**Data section:**
»»

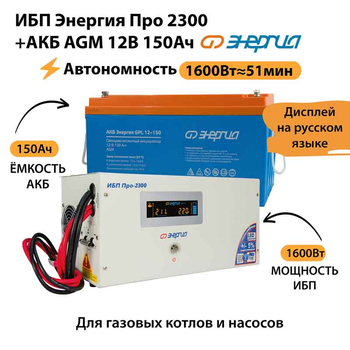 ИБП для котла Энергия Про 2300 + Аккумулятор 150 Ач 12 В (1600Вт - 51мин) - ИБП и АКБ - ИБП для котлов - . Магазин оборудования для автономного и резервного электропитания Ekosolar.ru в Уссурийске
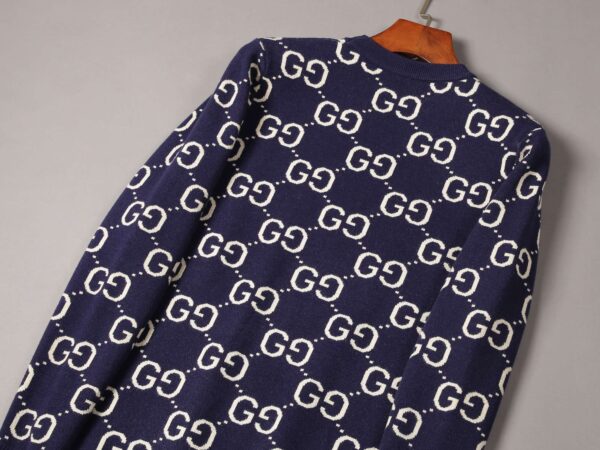 Gucci Wool Knitted GG Sweatshirt Navy Blue For Men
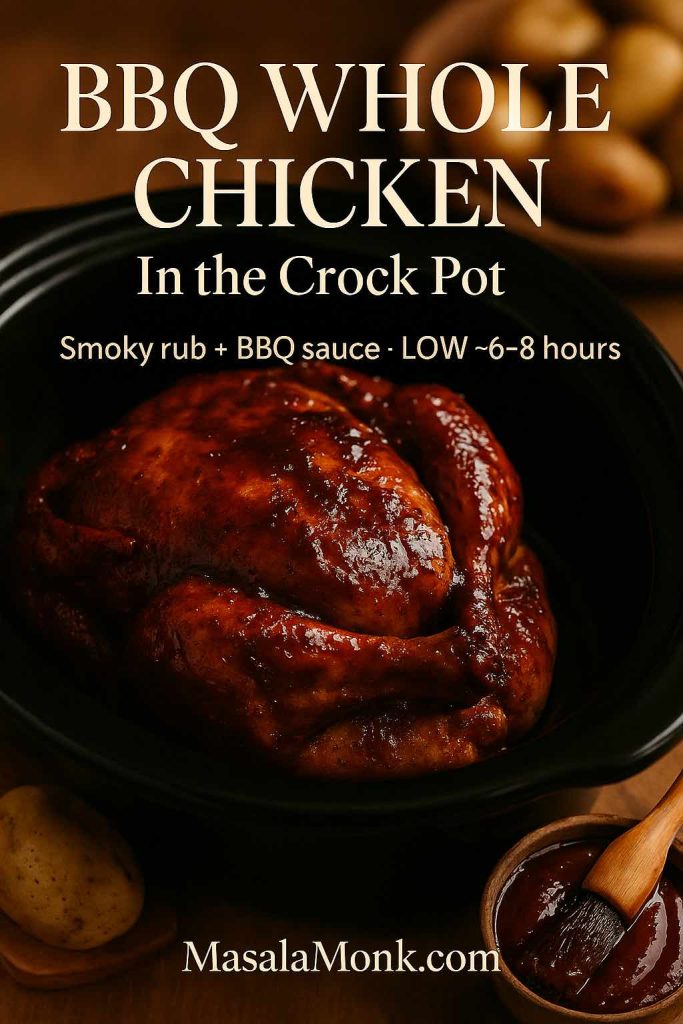Whole chicken coated in glossy BBQ sauce sitting in a black crock pot with a bowl of extra sauce and a brush beside it, showing a BBQ-style slow cooker whole chicken.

««

**Exercise instructions:** Apart from its pictures, the data is to be repeated exactly.

**Exercise output:**
 ИБП для котла Энергия Про 2300 + Аккумулятор 150 Ач 12 В (1600Вт - 51мин) - ИБП и АКБ - ИБП для котлов - . Магазин оборудования для автономного и резервного электропитания Ekosolar.ru в Уссурийске
 Gucci Wool Knitted GG Sweatshirt Navy Blue For Men
Whole chicken coated in glossy BBQ sauce sitting in a black crock pot with a bowl of extra sauce and a brush beside it, showing a BBQ-style slow cooker whole chicken.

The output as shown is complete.